Wysokie mandaty i zabrane prawo jazdy na trzy miesiące. A w przypadku recydywy - na dłużej - to wciąż za mało dla niektórych kierowców, którzy w terenie zabudowanym przekraczają prędkość o 50 kilometrów i więcej. W 2024 roku na drogach powiatu ostrowskiego zatrzymano 153 takich kierowców. Policja przyznaje wprost - to już plaga.

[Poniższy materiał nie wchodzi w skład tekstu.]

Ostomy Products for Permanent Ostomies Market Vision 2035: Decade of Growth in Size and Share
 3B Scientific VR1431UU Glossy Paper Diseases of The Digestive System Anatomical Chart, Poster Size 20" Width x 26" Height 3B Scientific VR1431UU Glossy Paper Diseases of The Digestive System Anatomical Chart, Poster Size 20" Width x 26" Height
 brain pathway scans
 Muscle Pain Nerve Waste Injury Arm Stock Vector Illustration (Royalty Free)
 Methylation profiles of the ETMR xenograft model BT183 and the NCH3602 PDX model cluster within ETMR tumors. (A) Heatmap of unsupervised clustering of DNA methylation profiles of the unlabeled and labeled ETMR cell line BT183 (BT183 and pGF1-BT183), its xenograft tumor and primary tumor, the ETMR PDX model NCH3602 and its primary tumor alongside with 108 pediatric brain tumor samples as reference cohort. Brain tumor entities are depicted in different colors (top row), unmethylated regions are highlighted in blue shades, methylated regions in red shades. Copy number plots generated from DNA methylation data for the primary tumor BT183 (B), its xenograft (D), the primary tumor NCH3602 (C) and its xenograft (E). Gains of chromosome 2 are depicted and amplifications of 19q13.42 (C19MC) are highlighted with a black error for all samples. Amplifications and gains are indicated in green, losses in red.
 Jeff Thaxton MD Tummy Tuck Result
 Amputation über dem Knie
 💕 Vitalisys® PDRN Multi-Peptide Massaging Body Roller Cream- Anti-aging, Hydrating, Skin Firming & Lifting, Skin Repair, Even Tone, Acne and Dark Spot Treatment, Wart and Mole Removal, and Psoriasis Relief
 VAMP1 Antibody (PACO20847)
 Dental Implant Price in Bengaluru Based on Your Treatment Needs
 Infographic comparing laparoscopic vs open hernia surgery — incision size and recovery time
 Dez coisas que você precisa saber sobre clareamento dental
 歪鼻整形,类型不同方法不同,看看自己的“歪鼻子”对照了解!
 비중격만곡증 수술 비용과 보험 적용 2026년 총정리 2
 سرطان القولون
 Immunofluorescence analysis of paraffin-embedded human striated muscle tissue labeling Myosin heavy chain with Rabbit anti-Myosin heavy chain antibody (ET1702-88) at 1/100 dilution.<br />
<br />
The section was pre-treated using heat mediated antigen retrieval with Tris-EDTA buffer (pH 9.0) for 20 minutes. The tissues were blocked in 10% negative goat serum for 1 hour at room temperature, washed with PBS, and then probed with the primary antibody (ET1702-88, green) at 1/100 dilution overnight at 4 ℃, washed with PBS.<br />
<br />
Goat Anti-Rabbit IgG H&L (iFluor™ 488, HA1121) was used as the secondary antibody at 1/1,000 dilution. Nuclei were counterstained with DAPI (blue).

Jest to plaga. Co pokazują statystyki. Widać drakońska kara to wciąż za mało, by tacy kierowcy się nie pojawiali. Wciąż wielu kierowców nie przestrzega tych podstawowych przepisów. A to przecież chodzi o bezpieczeństwo nas wszystkich. Bo przekroczenie prędkości to najczęstsza przyczyna wypadków drogowych. W tym tych z najgorszym skutkiem - śmiercią uczestników zdarzenia.
Mówi nam komendant policji w Ostrowie Michał Grzelak.
Jeśli kierowca, mimo zabrania prawka, znowu za kółko wsiądzie - wtedy od razu może trafić za kratki - bo coraz częściej w takich przypadkach stosowana jest tzw. szybka ścieżka prawna - dodaje komendant.
Osoba taka jest zatrzymywana przez policję, jest zatrzymywana u nas w komendzie i natychmiast przewożona do sądu i tam zapada wyroku - również w bardzo krótkim czasie. I takich wyroków były u nas w ostatnich miesiącach kilka, i kierowcy dostali kary więzienia. Tutaj już nie ma "zmiłuj", jest konkretna kara.
W ubiegłym roku na terenie powiatu ostrowskiego doszło do 133 wypadków i 1700 kolizji. Zginęło 12 osób. Prawie 160 zostało rannych.